[OPEN-ILS-GENERAL] Improving relevance ranking in Evergreen

Brian Greene BGreene at cgcc.cc.or.us
Thu Mar 22 16:56:51 EDT 2012


Does relevancy ranking currently take publication date into account? I think this could be especially helpful with topical searches when, all other things being equal, I'd probably consider the newer item to be more relevant. Similarly, I could see home library (in cases where that can be determined) being considered and used when there are two otherwise equally relevant items.

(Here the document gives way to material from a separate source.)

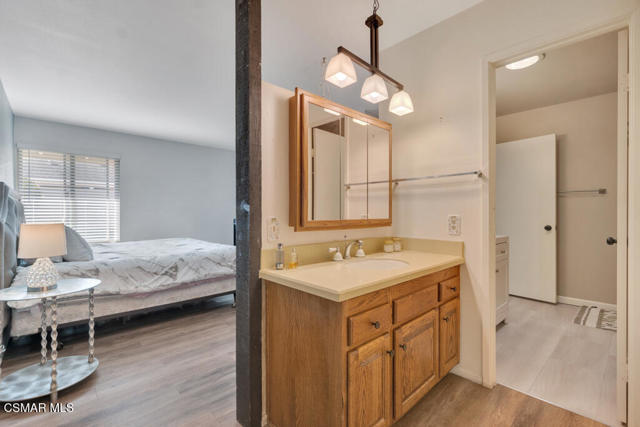 246 W Vineyard Avenue, Oxnard CA: https://media.crmls.org/mediaz/387ad15c-5744-4525-8c7e-5dee78932212.jpg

Note that in both cases I don't want them to become de facto limiters, but rather act more like tie-breakers after the other factors have been weighed. 
 
I also support taking into account some sort of popularity measure.
 
Thanks,
Brian 

 
Brian Greene, Library Director
Columbia Gorge Community College 
The Dalles, Oregon 97058
(541) 506-6080 | www.cgcc.cc.or.us 
>>> Mike Rylander <mrylander at gmail.com> 3/8/2012 10:55 AM >>>
On Thu, Mar 8, 2012 at 12:10 PM, Elizabeth Longwell <blongwel at eou.edu> wrote:
> Hi,
>
> Is it necessary to re-index after changing weights for relevancy?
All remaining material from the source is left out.